I will be giving a seminar within the Faculty of Health and Social Care Sciences on 11 October 2012, 13:00 to 14:00, introducing for the first time some methodological work that has taken up a lot of energy over the last two years. All are welcome; it would be helpful if you e-mailed N.Greenwood@sgul.kingston.ac.uk so we can get the numbers right. I will be submitting the paper soon so it could be a while before this appears again in the public eye! I am not one to exaggerate my own work but I think this is an important new method for epidemiology and observational studies generally.
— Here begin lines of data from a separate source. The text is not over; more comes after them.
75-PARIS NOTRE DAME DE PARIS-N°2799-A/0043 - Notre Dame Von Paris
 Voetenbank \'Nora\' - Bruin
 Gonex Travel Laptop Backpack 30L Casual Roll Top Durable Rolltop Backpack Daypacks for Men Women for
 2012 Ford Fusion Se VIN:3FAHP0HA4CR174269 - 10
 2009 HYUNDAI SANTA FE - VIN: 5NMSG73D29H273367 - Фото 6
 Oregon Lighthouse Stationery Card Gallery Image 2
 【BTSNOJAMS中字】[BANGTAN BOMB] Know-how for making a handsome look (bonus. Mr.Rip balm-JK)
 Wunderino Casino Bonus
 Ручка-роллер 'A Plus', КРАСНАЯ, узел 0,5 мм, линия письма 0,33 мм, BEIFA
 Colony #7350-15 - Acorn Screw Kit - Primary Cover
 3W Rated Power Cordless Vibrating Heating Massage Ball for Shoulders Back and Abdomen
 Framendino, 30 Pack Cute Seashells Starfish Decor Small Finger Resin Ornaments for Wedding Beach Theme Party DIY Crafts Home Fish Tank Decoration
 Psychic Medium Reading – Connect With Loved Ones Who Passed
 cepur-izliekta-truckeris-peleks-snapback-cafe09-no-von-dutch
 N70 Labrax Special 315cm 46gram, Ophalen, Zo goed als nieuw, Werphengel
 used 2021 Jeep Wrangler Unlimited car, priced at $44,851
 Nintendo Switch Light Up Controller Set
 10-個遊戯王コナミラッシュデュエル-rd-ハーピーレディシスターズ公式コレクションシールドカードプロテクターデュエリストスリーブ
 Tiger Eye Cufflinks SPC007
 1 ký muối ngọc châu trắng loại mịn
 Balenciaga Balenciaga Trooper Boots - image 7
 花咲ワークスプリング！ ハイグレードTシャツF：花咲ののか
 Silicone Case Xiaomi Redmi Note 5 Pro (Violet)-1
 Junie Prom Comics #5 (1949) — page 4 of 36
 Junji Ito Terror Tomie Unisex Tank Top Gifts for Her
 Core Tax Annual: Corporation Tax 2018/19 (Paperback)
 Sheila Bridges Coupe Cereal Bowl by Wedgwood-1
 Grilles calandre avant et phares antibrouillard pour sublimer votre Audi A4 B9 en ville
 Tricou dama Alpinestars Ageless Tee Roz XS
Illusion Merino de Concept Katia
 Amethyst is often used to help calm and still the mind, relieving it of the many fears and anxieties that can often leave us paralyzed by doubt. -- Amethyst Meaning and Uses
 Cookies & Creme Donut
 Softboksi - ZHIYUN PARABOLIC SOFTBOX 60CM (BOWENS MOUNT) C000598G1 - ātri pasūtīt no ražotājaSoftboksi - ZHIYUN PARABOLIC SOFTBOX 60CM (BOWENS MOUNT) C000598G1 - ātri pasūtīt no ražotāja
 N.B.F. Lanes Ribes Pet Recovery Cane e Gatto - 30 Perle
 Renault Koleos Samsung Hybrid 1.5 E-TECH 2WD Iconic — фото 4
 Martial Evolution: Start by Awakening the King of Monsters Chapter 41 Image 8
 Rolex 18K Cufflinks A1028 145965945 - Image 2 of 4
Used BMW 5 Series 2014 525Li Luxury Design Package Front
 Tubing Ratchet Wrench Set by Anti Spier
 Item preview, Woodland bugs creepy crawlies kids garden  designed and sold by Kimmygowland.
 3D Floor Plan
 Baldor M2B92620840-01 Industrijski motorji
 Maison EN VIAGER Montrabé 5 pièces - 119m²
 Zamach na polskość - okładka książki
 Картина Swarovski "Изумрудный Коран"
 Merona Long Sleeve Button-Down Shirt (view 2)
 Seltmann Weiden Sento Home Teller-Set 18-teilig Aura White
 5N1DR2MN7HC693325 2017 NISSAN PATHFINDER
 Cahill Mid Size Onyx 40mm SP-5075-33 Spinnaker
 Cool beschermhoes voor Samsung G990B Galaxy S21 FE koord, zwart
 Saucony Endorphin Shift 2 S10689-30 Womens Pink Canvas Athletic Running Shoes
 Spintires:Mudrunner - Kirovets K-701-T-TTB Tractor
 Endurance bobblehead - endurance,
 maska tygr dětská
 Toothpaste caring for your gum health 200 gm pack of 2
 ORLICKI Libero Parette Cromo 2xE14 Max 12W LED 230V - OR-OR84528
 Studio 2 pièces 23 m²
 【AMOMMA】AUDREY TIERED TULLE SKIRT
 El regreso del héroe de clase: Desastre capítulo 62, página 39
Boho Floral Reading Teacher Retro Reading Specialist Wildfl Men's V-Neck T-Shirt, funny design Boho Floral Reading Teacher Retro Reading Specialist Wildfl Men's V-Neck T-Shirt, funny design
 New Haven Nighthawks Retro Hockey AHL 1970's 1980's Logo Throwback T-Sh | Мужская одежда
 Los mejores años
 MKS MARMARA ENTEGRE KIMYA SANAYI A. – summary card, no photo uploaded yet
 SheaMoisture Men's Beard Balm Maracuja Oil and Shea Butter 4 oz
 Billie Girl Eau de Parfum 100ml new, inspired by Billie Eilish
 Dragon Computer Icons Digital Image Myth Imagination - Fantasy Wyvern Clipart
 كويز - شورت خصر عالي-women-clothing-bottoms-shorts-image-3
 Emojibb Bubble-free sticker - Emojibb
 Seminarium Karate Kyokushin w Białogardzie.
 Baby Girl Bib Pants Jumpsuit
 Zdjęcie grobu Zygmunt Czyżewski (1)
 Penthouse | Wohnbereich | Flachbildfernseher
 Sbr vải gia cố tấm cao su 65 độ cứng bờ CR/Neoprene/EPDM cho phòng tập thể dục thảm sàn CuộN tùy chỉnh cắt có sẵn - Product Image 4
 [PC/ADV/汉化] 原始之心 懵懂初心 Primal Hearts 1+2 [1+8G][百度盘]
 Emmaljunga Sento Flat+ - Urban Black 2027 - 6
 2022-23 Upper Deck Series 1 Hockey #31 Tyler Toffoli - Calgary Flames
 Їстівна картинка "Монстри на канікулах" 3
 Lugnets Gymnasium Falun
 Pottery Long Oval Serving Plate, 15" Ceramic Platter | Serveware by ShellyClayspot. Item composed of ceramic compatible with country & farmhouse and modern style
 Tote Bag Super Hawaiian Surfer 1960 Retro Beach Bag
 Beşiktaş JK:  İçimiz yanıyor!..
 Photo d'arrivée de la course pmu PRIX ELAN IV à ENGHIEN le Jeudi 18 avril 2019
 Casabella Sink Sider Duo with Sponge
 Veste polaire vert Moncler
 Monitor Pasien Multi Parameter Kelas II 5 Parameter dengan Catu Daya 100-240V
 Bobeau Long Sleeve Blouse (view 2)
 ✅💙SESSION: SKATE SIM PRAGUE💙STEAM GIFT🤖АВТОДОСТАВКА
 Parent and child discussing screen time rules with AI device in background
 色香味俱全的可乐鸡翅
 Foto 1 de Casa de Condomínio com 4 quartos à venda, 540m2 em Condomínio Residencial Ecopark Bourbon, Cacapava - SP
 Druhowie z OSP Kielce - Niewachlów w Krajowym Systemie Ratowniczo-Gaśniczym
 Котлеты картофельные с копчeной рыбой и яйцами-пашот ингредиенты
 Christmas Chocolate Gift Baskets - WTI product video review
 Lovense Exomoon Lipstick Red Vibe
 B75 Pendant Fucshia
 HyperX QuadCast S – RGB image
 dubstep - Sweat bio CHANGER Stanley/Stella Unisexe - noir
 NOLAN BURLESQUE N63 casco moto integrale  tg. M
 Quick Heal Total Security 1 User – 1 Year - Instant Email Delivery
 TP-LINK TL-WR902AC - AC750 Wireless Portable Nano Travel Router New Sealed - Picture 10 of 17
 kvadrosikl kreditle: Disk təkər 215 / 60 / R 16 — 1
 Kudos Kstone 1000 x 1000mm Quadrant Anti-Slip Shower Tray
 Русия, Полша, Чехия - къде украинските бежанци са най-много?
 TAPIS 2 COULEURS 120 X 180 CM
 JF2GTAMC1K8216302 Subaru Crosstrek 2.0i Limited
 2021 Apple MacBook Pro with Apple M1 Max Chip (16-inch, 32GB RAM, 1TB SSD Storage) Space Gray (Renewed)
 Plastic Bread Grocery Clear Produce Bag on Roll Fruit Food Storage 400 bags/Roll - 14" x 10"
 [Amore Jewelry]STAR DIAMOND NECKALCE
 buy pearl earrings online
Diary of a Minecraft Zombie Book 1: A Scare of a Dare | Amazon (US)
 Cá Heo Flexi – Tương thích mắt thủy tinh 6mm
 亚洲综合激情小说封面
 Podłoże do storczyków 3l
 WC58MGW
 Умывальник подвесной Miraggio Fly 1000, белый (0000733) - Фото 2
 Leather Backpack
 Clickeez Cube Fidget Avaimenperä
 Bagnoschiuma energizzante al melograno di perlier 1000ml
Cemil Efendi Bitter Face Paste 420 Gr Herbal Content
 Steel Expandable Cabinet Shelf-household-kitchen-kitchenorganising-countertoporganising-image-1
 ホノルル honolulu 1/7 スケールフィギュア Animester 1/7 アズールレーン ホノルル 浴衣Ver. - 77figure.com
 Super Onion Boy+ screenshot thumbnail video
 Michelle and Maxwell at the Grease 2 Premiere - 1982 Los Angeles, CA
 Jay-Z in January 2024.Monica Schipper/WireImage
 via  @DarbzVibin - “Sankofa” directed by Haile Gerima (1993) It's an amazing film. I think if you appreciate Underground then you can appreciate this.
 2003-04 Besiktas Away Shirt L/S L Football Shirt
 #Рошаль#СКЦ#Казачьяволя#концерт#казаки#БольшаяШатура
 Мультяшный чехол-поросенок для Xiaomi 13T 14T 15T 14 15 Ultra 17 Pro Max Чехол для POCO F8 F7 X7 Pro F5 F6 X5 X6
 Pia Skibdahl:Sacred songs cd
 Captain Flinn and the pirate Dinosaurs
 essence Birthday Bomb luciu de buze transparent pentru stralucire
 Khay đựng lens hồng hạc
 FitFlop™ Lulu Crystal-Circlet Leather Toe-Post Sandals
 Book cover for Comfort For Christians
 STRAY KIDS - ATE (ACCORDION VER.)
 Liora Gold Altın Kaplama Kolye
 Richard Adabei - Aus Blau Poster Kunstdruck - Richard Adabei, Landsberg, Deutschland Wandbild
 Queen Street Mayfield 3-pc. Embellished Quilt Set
Title: A new method for dealing with residual confounding: a practical introduction for researchers
In this seminar I will outline recent work I have carried out to develop a new statistical method, in practical and non-mathematical terms. Confounding is an almost universal problem in observational (non-randomised) studies, where the predictor of interest is correlated with other factors, causing one to over- or under-estimate the effect it truly has on an outcome. There are many tools for separating the predictor of interest from the confounder, but these fail if the confounder has been imperfectly measured, for example recording smoking simply as current / ex / never. This is the situation called residual confounding, and the received wisdom is that nothing can be done about it.
It is however possible to adapt modern methods for missing data (multiple imputation) and use this to correct the imperfections and remove residual confounding. Some assumptions have to be made and these are safer in some situations than others. I will explain what is required in terms of information and expertise, and show some examples.